Saturday 16 June 2018

Spacetime, Gravitational Fields, Srimad Bhagavatam, and the Mass of the Universe

Source Raj Vedam
Poor Kakudmi. He couldn't find a suitable match for his highly accomplished daughter Revathi, and so off he went with Revathi to ask Brahma the Creator, if he could recommend a groom. On arriving in Brahmaloka, they saw the Creator enjoying the music of the divine musicians, and waited for the Gandharvas to finish their concert. Brahma laughed on hearing Kakudmi's request and said in the interval they were waiting for the music to be done, 27 Chatur Yugas had passed on Earth, and every kingdom and person they knew was dead and long gone. Brahma consoled the desolate Kakudmi and told him to return to Earth, in time for Bhagavan Krishna and Balarama to incarnate on Earth, and that Balarama would be the ideal match for Revathi. Ref: Srimad Bhagavatam 9.3, verses 29-33.
Readers can take away various metaphysical meanings from these passages. It is fascinating to read these passages thru the prism of our current understanding of cosmology.
A Chatur Yuga has 4 Yugas (Satya, Treta, Dwapara, Kali) in a 4:3:2:1 ratio, equivalent to 1,728,000 + 1,296,000 + 864,000 + 432,000 Earth years, amounting to 4.32 million years. Thus 27 Chatur Yugas involve 116.64 million years.
Assuming Kakudumi and his daughter traveled at 99.99999999999999 percent the speed of light, they would have traveled just a couple of years of dilated time with respect to time on Earth, which would have amounted to 116.64 million years.
Lets get some scale to appreciate this. Light takes 8 minutes to reach us from the Sun. The center of the Milky Way galaxy is 25,000 light years away. The nearest galaxy to us, Andromeda, is 2.5 million light years away. We are part of a local cluster of galaxies (see the picture, radius of 8 million light years from Earth), and the neighboring Virgo supercluster is 65 million light years away. Several clusters of galaxies form the Laniakea Supercluster of galaxies, approximately within 200 million light years of us.
Thus 116.64 million light years would put Kakudmi and Revathi somewhere in the Laniakea Supercluster of galaxies (see the picture below), which is home to our Milky Way galaxy, and 100,000 other galaxies. This was Brahmaloka, or the known universe to the ancient Indians. This is far more than any other civilization could even grasp, even in the 20th century!
Lets see this in a different way. Time dilation also occurs in the presence of super-large gravitational fields when compared with a reference. If we assume that Kakudmi and Revathi traveled close to the event horizon of the super-massive Black Hole at the center of our Milky Way galaxy, then too, they would have experience time-dilation with respect to a reference on Earth. I don't have the calculations to show how close they need to be to the event horizon to experience such time-dilation. If the mass of the black hole (4.3 million solar masses) is insufficient, one would have to look for an even larger mass object where such time-dilation could have been possible (see the note below).

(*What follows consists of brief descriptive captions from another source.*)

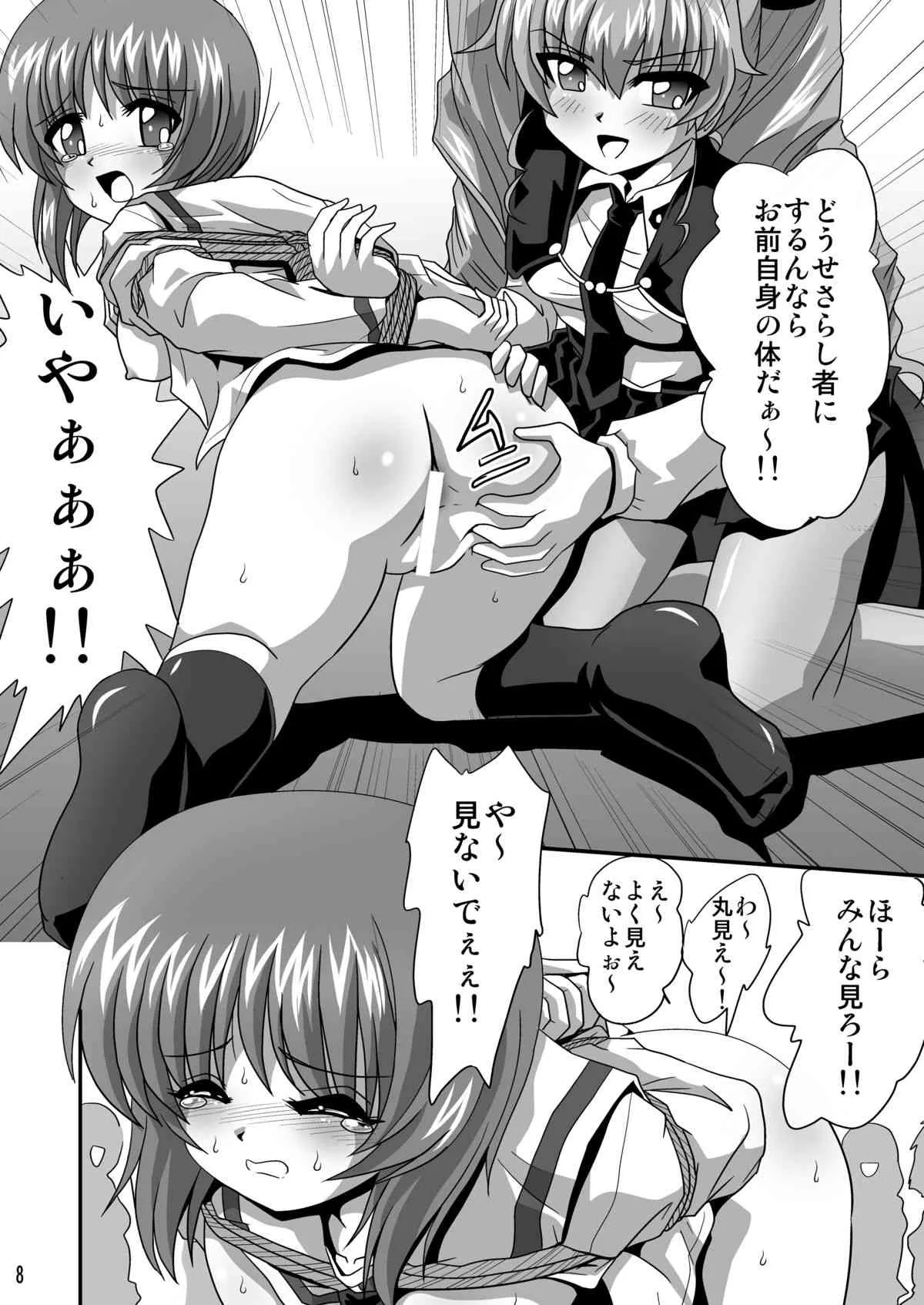 [サーティセイバーストリート (よろず)] ジーパンツァー5 (ガールズ&パンツァー) [DL版]_8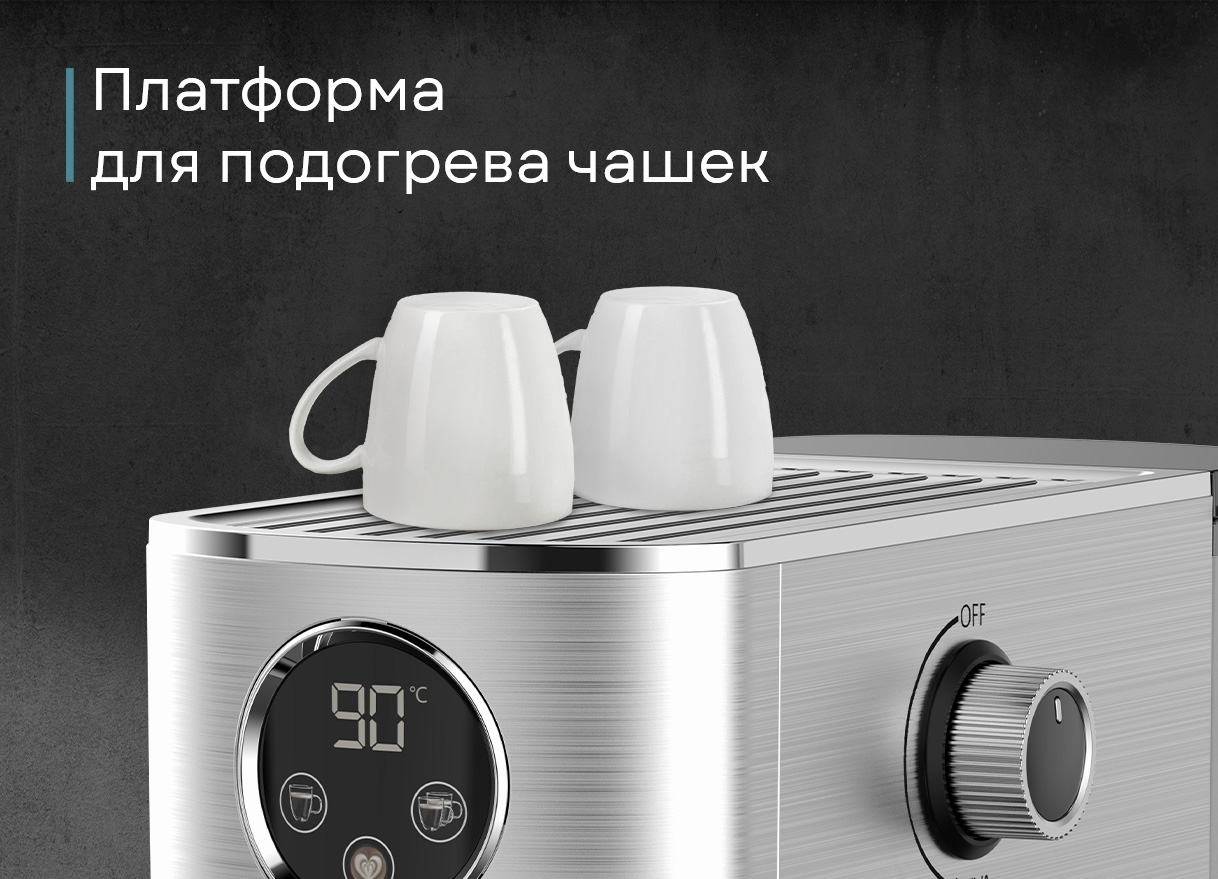 Кофемашина Korting KCM 1001 EX фото 14 в Ростове-на-Дону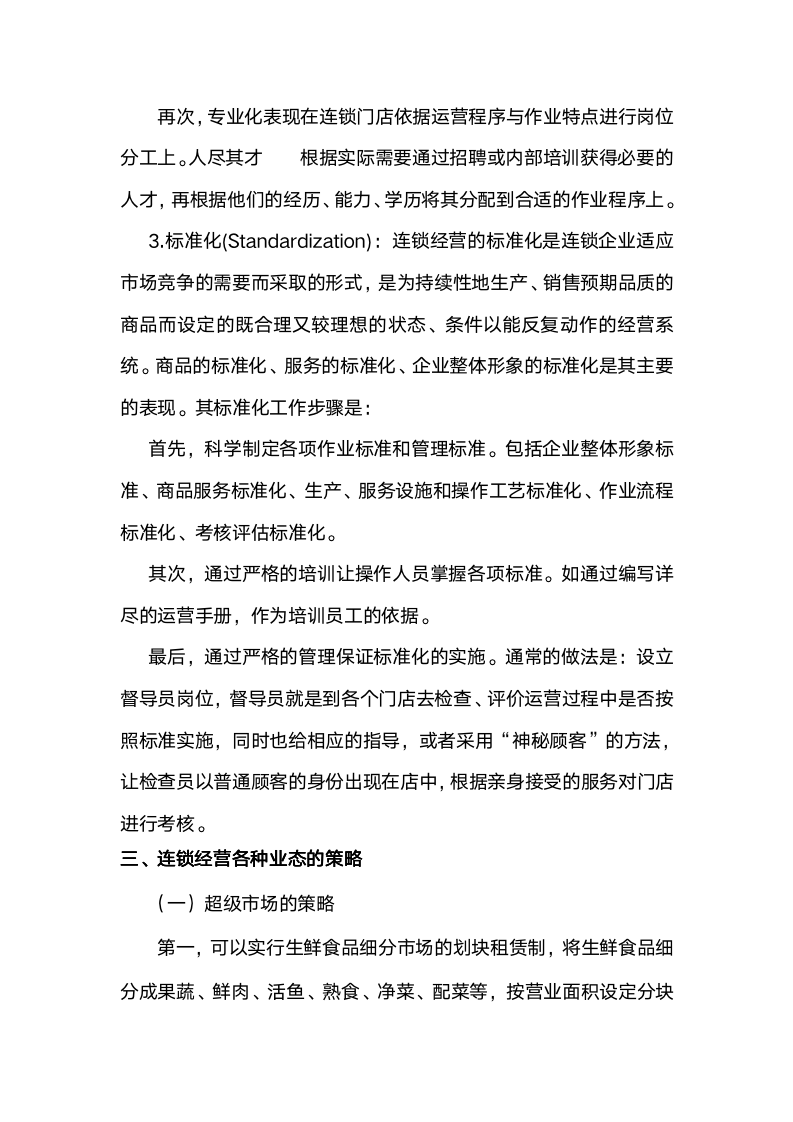 [经营管理类]掌握连锁经营管理知识9075_06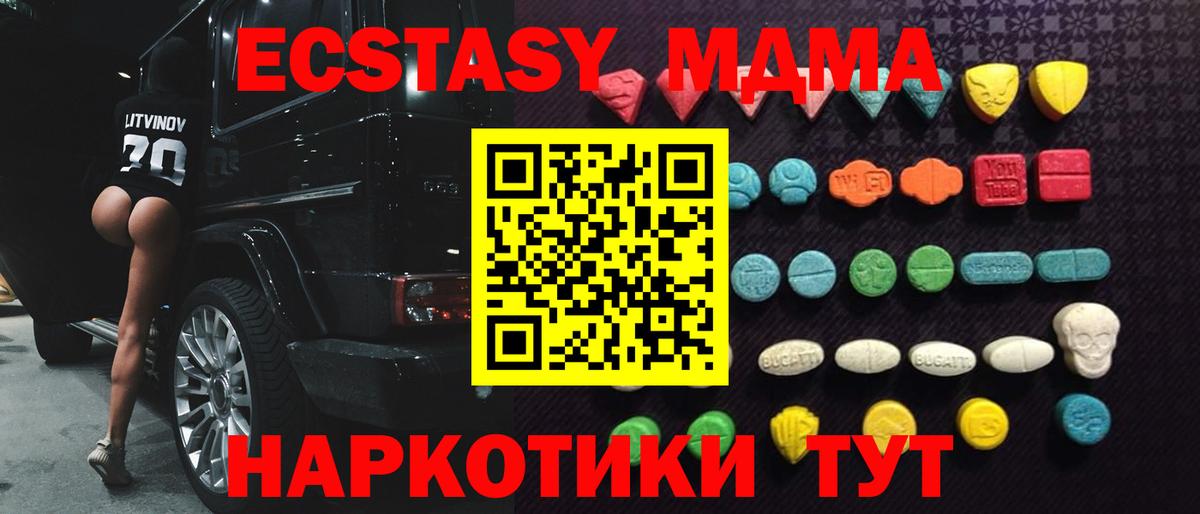 Экстази 280 MDMA  Ecstasy  Каменка  Вход с VPN 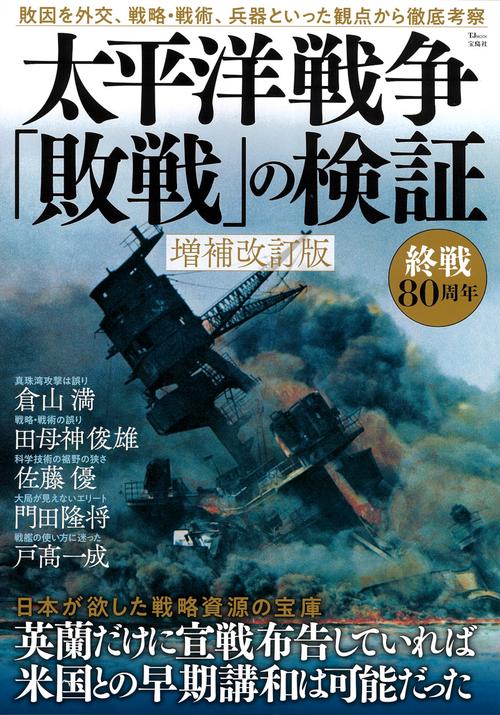 太平洋戦争「敗戦」の検証 増補改訂版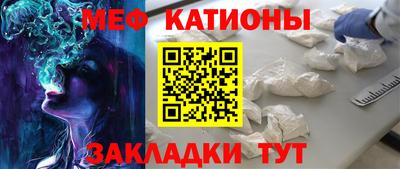 кристаллы Сланцы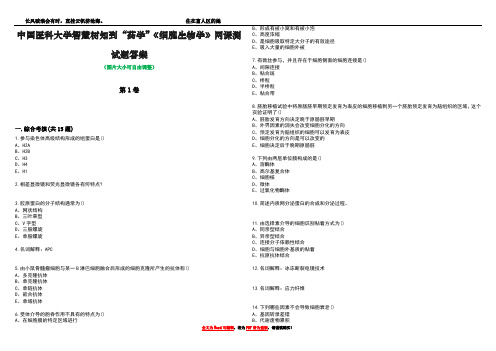 中国医科大学智慧树知到“药学”《细胞生物学》网课测试题答案4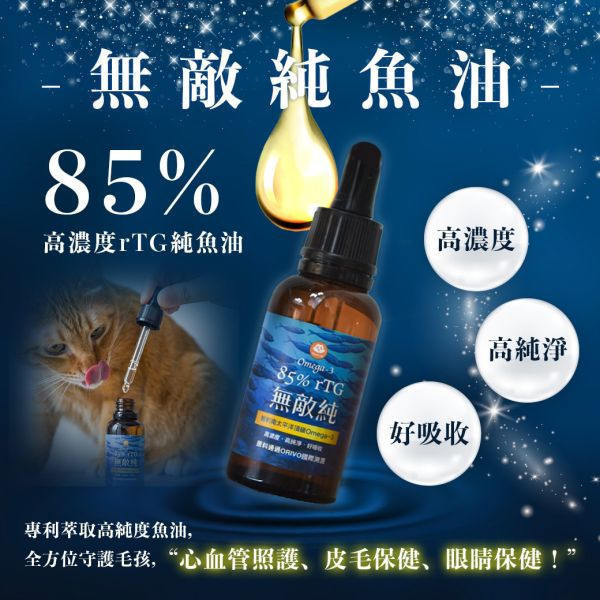 【活動贈品】ParkCat 85%無敵純 高濃度魚油 (兩罐) 寵物魚油,ParkCat保健品,無敵純,魚油,皮膚保建,心血管,眼睛保健,貓咪,狗狗,rTG,85%高濃度,毛孩魚油,小棕瓶,貓魚油,犬貓適用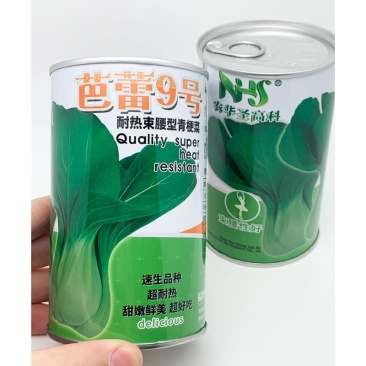 耐热束腰青梗菜种子甜嫩好吃原装发货100克上海青种子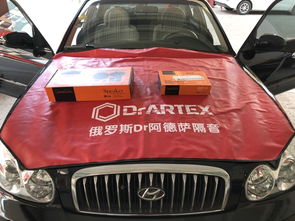 索納塔汽車?yán)榷嗌侔? title=
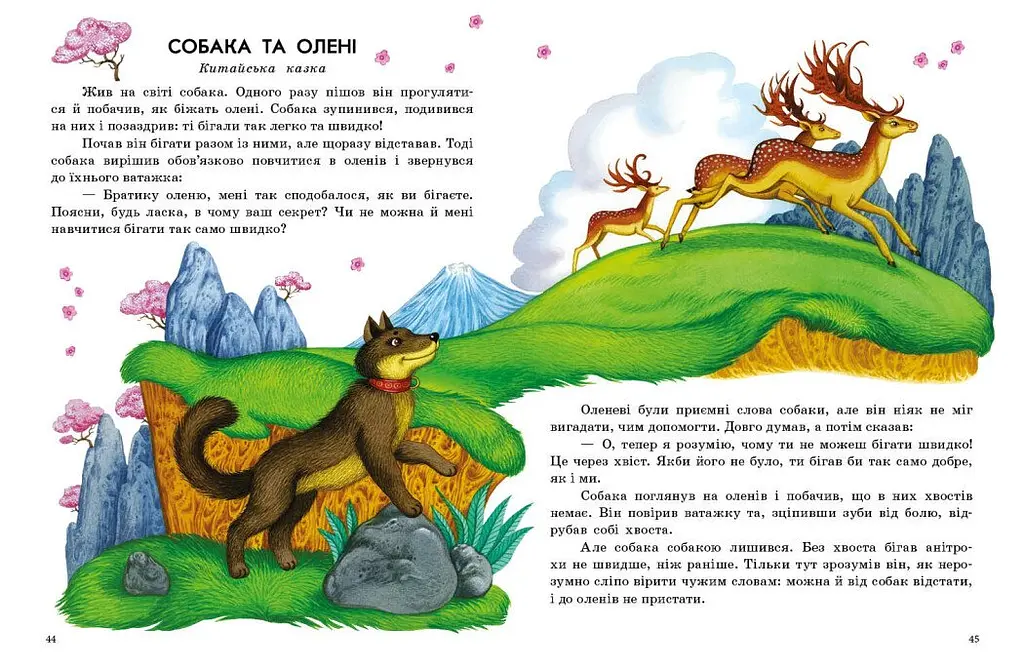 Казочки доні та синочку. Казки світу - Юлія Каспарова (С193010У) - фото 2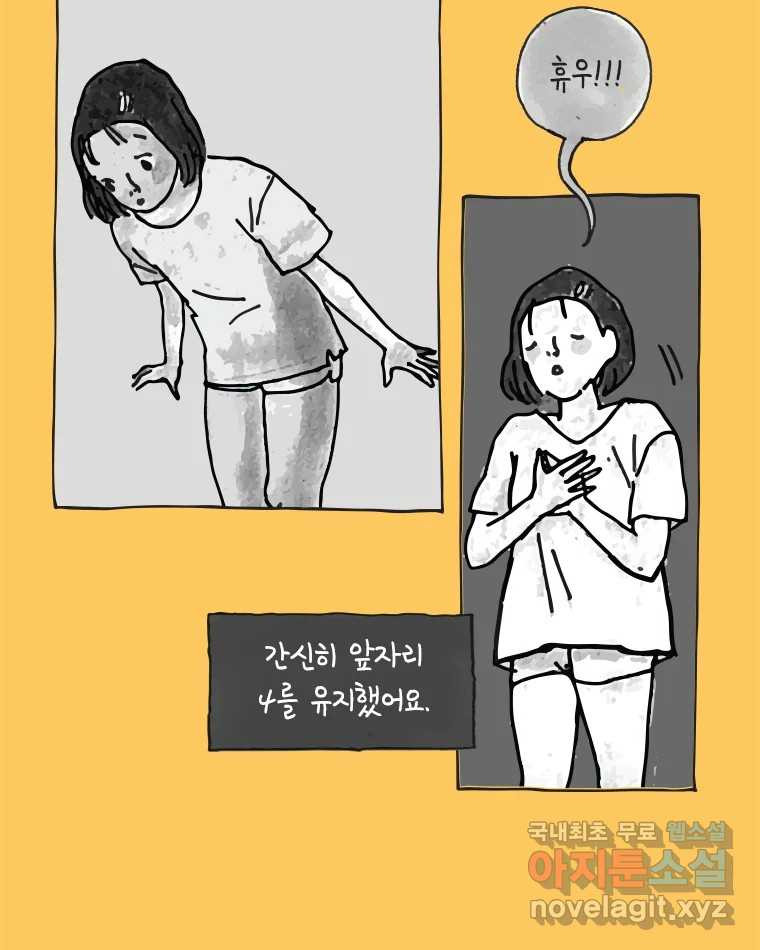 이토록 보통의 454화 뼈말라의 사랑(2) - 웹툰 이미지 7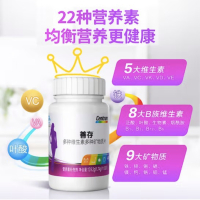 善存多种维生素矿物质片40片瓶装女士型维持健康好气色小紫瓶保健品30岁abcde锌镁片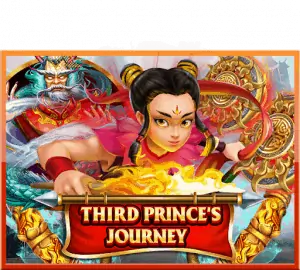 Third Prince’s Journey เกมสล็อตที่มีเปอร์เซ็นต์โบนัสแตกสูงที่สุด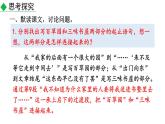 初中语文七年级上册9  从百草园到三味书屋2教学课件（2023秋）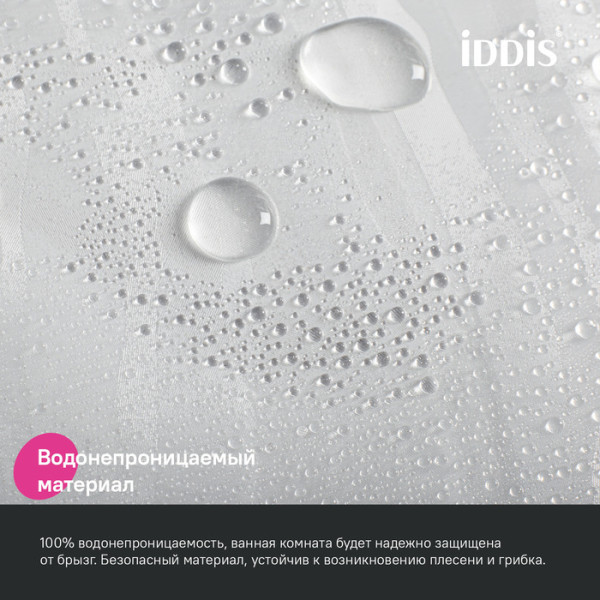 Шторка для ванн текстильная Iddis Promo 180x200 прозрачная (P03PV18i11)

Were Kakudmi and Revathi time-travellers? We cannot say without more evidence. But Rishi Veda Vyasa who recounted the Srimad Bhagavatam obtained in meditative states, surely had the divine insight to embed many such startling, amazing facts.
Note: This is just a simplistic reading of SB, which says nothing about the time Kakudmi took to travel - it just talks about the duration of the concert. Working the numbers thus would lead to far greater diameter of Brahmaloka OR an estimate of the entire mass of the universe (Brahman manifested over all creation).